Risks Involved with The Human Genome Project
The man in the black suit solemnly steps out of the car. His wife scrambles to catch up with his swift pace. She offers an encouraging tone or two, but the man doesn’t listen. He plunges through the brass, a genetically altered combination of the common bush and grass species, both eyes set on his house. The next-door neighbors dash over to interrogate the deserted wife. The neighbors appear instantaneously in hot pink, plastic body suits, with tanks of oxygen attached to their backs. (This elaborate outfit, for those who may not know, is a common protection against identity impersonation.

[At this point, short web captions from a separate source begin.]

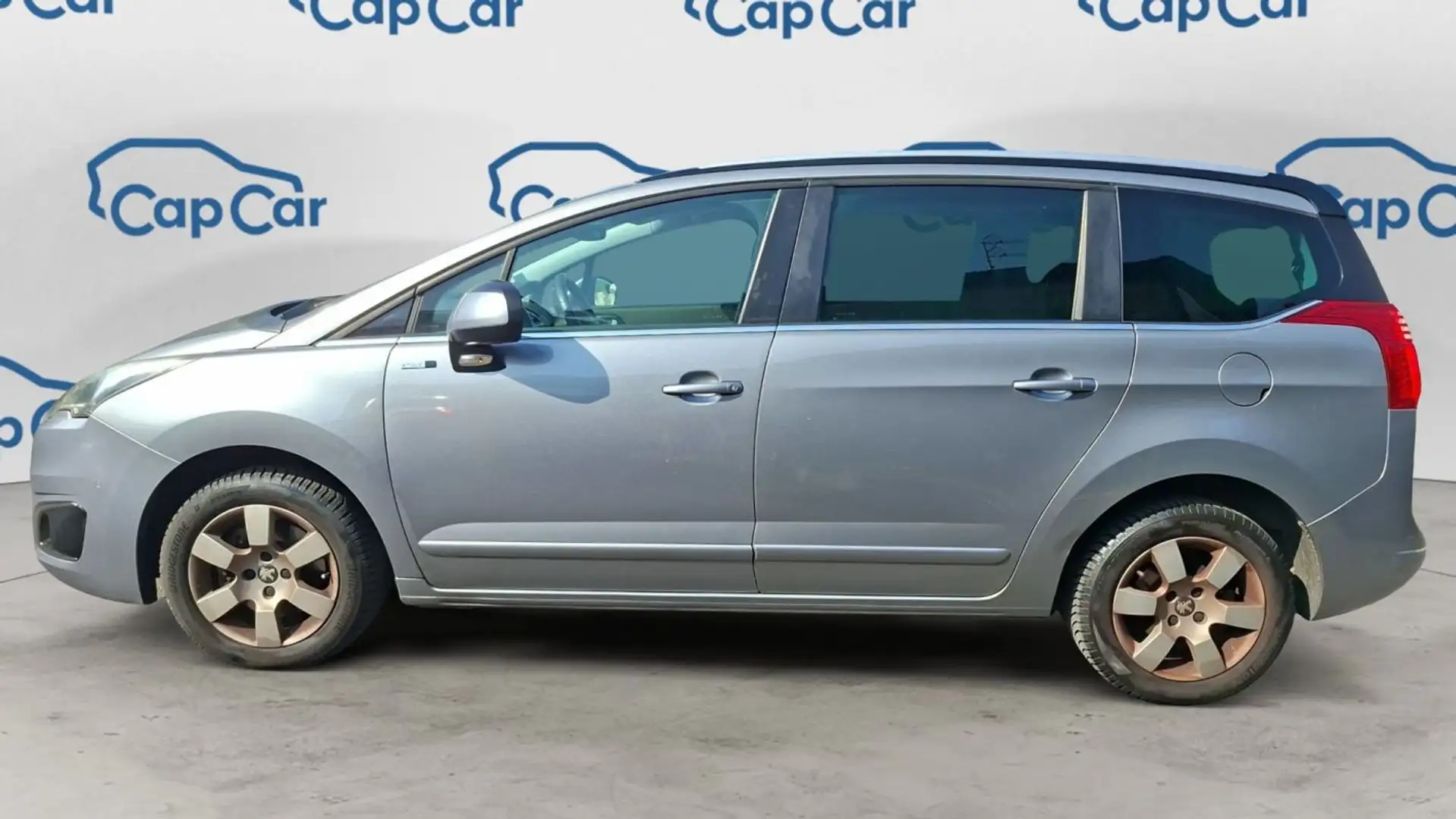 Peugeot 5008 1.6 BlueHdi 120 Style - 2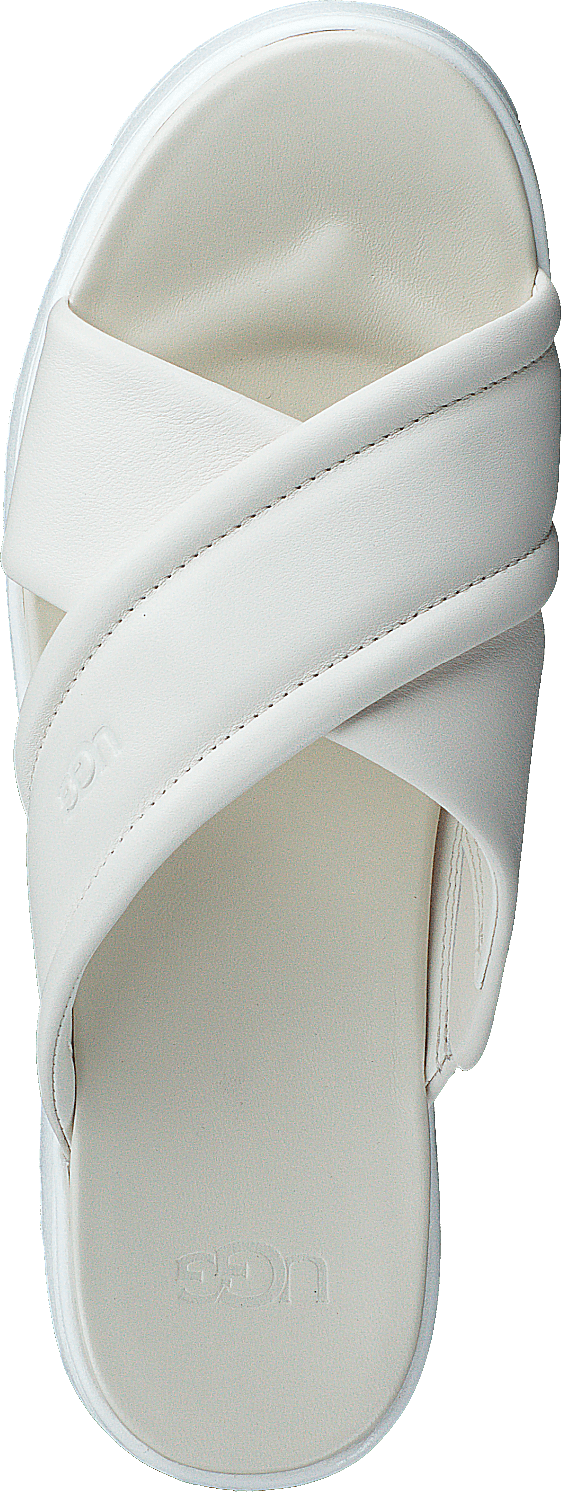 W Zayne Crossband Jasmine Leather - Bild 6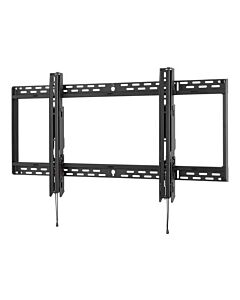 Peerless SF670P TV mount/stand 2.29 m (90") Black SF670P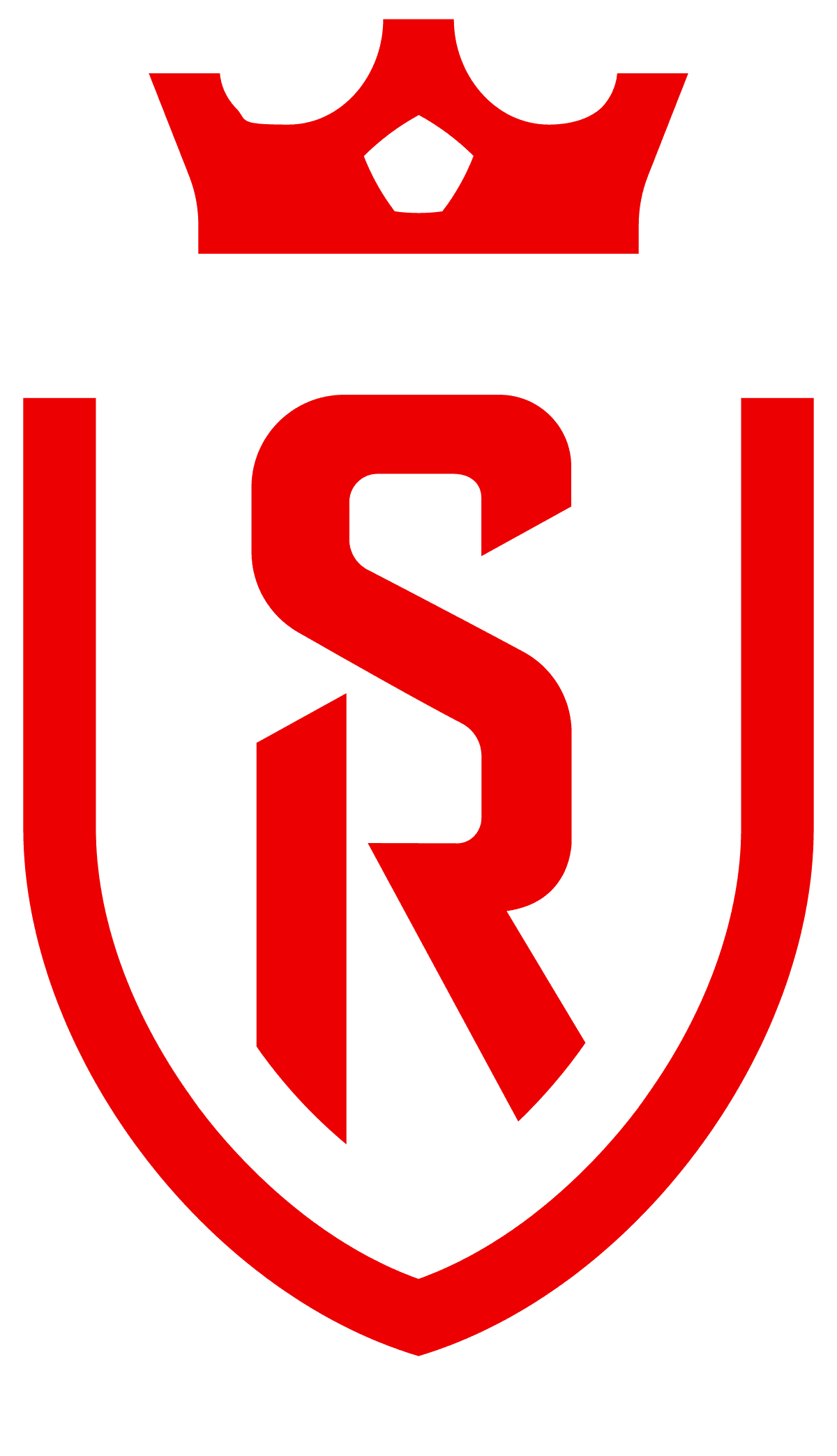 Stade De Reims logo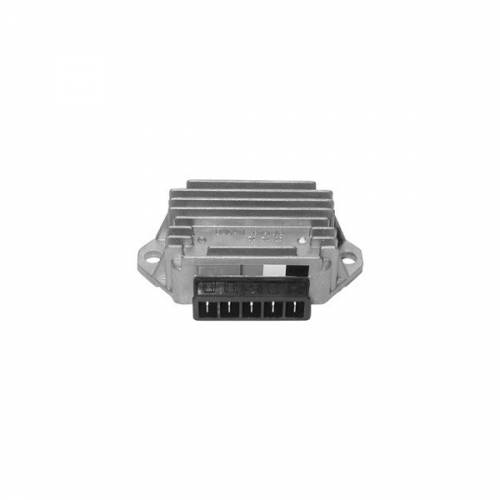 REGOLATORE 12V/20A VESPA 50 PK XL/RUSH/N/FL/PX F.D./COSA - DUCATI ENERGIA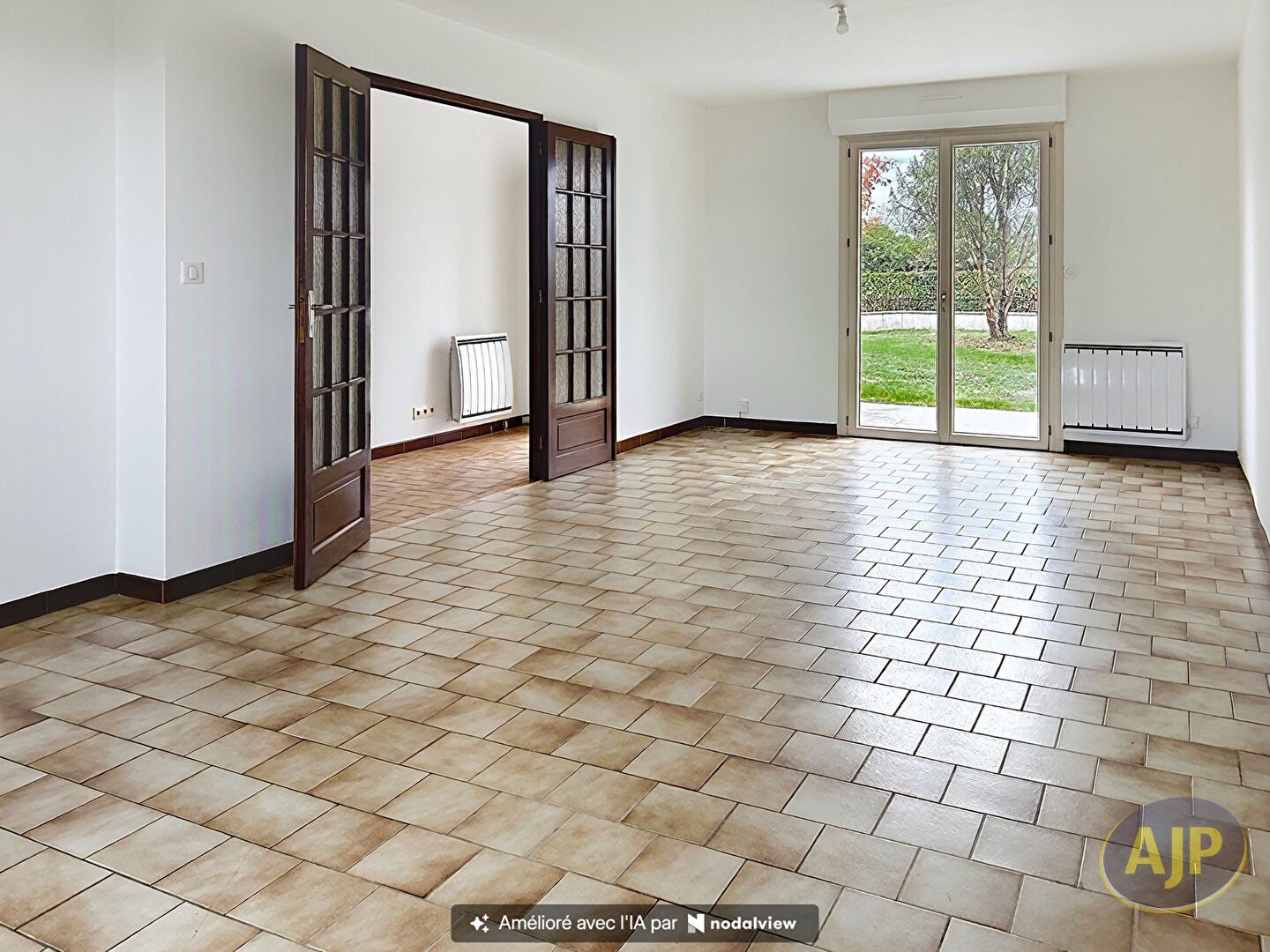 Maison D 15 à Roches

The decoding of the human genome inadvertently supplies criminals with an ideal method to steal another person’s identity; identity thieves need only a single cell from a person to detect everything about him or her. Body suits, in addition to setting a fashionable trend, safe-guard against this possibility by trapping all cells within the suit itself.)
The wife struggles to suppress a deluge of tears as she warmly hugs her plastic encased neighbors. She briefly relates the day’s events. Her husband lost the court case. He was accused of harboring the gene for prostate cancer, and after a simple genetic test, the accusation was confirmed. Her husband had twenty-four hours to move into a quarantined house, located in an abandoned section of the city. He would live there indefinitely with other potential prostate cancer victims. By isolating all people predisposed to prostate cancer, officials hope to eliminate prostate cancer from the gene pool. The wife is purely devastated that reality is manifesting itself so harshly in her life. The neighbors attempt to console her, but they are quite reli...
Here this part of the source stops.